4. il secondo-sistema-epistemico (sistema logico-etico) riproduce il primo-sistema-logico- a-etico in termini panteistici (fondazione del diritto [tecno-strutturazione della volontà coercizzata], forse anche dell'etica, in parte), ma nel secondo-sistema-etico il panteismo cristico è "sospeso" per il cosmo (l'ubiquitarismo è quindi corretto nel primo e nel terzo mondo, ma appartiene al nichilismo-teologico per il secondo mondo), focalizzandosi solo nella particola eucaristica.
5. si sono date alcune ipotesi su quella che potrebbe essere la teoria epistemica dell' essere (p2.1.1.1). Esse sono state date qui (epistematica) e vengono date anche nell' episteme (protologia: da "proton", principio, che è l'esistenza-pura-in-sè).
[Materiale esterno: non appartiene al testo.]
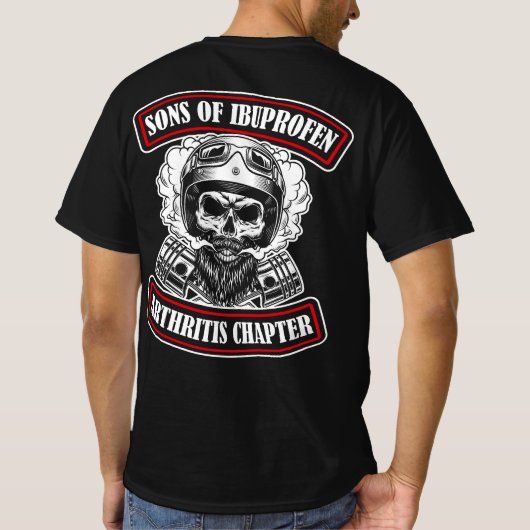 T-shirt Fils de l'arthrite Ibuprofène Chapitre (Dos)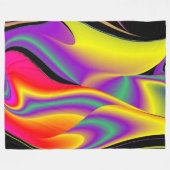 Magic of Colors Abstract 3D Rainbowart Fleece Deken (Voorkant (Horizontaal))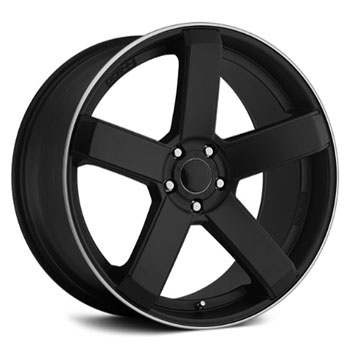 DROPSTARS 644 SATIN BLACK Satin Black/Machined Edge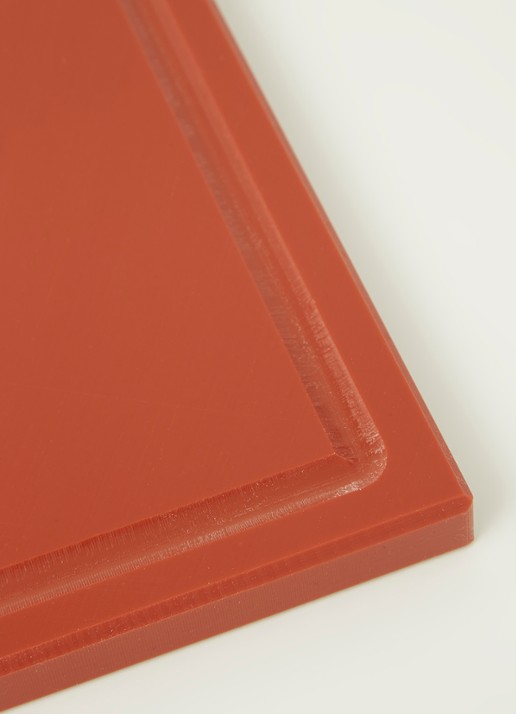 Inno Cuisinno Snijplank 26 x 32 cm - detail roestbruin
Ciò è coerente con ciò che viene detto in p1. Non solo la gnoseologia si caratterizza per il suo oggetto di studio, ma ne è determinata:

- episteme: protologia del principio (esistenza), che determina il pensiero;
- epistematica: gnoseologia del pensiero, che conosce il principio.
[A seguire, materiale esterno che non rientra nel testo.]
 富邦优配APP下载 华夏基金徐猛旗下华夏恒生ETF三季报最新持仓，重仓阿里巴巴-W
6. chiamare l'essere "esistenza" (per non confondere l'astratto-concreto con l'astratto-astratto) porta a confondere l'esistenza-come-sostanza con l'esistenza- come-vita:

- l'esistenza come sostanza (attenzione: la sostanza-prima, dai Greci intesa come il principio primo e ultimo della realtà-esistente, non la "sostanza" che, insieme alla "forma", costituisce l'ente-apparente) è studiata dalla protologia;
- l'esistenza come vita è studiata dall'esistenzialismo-epistemico .

7. l'esistenzialismo-epistemico, si può dire, è il centro dell'episteme (e ciò è una positiva coincidenza e corrispondenza, essendo l'esistenza sia il principio che la vita), perchè affronta il problemi concreti della vita, tra cui la morte, la nausea, la malattia, l'alienazione, la felicità terrena (le sue possibiltà e condizioni), la felicità-assoluta (paradisiaca), il rapporto col male e il peccato (non la loro struttura), ecc., ma (e qui sta il centro dell'episteme) soprattutto il senso dell'episteme, cioè della verità, cioè della vita, definito epistemicamente come problema-del-senso-dell'esistenza (= vita) (p23). E' questione se tale discorso appartenga alla logica o all'etica, perchè il senso è speculativo, ma, essendo, in parte (e fondametalmente-strutturalmente), sconosciuto e non conoscibile nell'al-di-qua (p23), l'etica (teoria della salvezza) è la condizione per accedervi (il paradiso: salvezza). La questione è in fase di definizione. Porre questa problematica (che è "la-problematica": il fine ultimo dell'uomo non è conoscere Dio [condizione che, se posta prioritaria, è alienazione: nichilismo-teologico], ma è conoscere se stesso) all'interno dell'etica equivarrebbe a definire l'episteme come un sapere più "pratico" che "teorico-sapienziale" (prevarrebbe cioè la saggezza-etica sulla sapienza-logica). Se prevale quest'ultima prospettiva, l'episteme non è comunque una gnosi (p22).